Photopolymers for cheap and efficient photovoltaics: a research work of Politecnico published by Science
A hybrid material, both organic and inorganic, able to absorb the entire solar spectrum and to transport the electric charge with high efficiency: perovskite represents the last frontier in the field of next-generation photovoltaics, till now little studied in Italy, but rapidly with truly remarkable results from the scientific point of view. Science, one of the most prestigious international journals weekly produced by the American Association for the Advancement of Science, has published today an experimental research work conducted by Politecnico di Torino with the Ecole Polytechnique Federale de Lausanne (EPFL), Politecnico di Milano and Italian Institute of Technology, entitled "Improving efficiency and stability of perovskite solar cells with photocurable fluoropolymers".
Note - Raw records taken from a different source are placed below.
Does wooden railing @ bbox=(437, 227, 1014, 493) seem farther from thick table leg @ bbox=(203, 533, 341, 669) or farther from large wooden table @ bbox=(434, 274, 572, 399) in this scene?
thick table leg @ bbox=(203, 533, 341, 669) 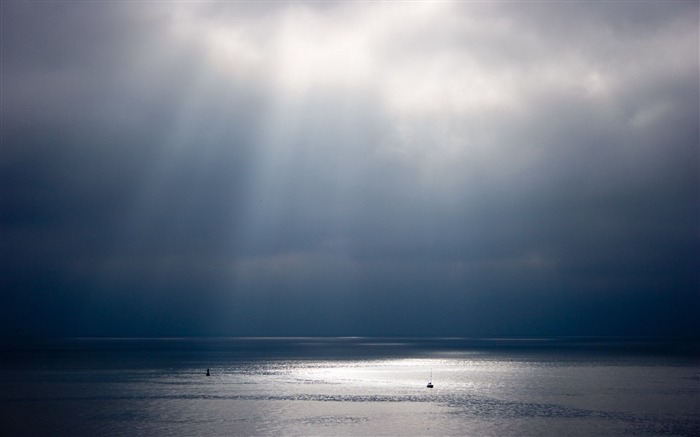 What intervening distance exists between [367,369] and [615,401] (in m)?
73.2

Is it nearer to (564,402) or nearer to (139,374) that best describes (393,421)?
(564,402)

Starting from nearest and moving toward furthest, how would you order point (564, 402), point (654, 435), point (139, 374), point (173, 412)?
1. point (654, 435)
2. point (173, 412)
3. point (564, 402)
4. point (139, 374)

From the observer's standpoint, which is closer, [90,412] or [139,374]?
[90,412]

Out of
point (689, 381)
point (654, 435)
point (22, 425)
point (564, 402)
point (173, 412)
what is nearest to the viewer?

The research work, led by Politecnico di Torino, has been carried out by Federico Bella from Applied Science and Technology Department (DISAT) under the supervision of Prof. Claudio Gerbaldi (coordinator of the Group for Applied Materials and Electrochemistry - GAME Lab, DISAT) and with the support of Prof. Guido Saracco, coordinator of the Center for Sustainable Futures @PoliTO within the Italian Institute of Technology.
This scientific study is focused on perovskite solar cells, based on a new material recently proposed by Professor Michael Grätzel (EPFL); the first research results are so promising that it is assumed that large-scale application of this material will be concrete by 2020. In addition to the unique properties of perovskite, in fact, photovoltaic cells based on this technology can be produced by a simple and fast technology, with a sure industrial scalability. The most important universities and research centers worldwide are therefore investing a large number of human and financial resources on the development of these perovskite solar cells, and this has led to a dramatic increase in the sunlight conversion efficiencies of this technology, more than quintupled (4-22%) in the last six years.
Obviously, any new technology brings with it a number of limitations to be overcome before they can be marketed. In this case, perovskite solar cells are subject to considerable losses in efficiency when exposed to ultraviolet light (present at 5% in the solar spectrum) and atmospheric moisture. Rain and sun therefore cause the degradation and the complete loss of functionality in short time, at best after a few days.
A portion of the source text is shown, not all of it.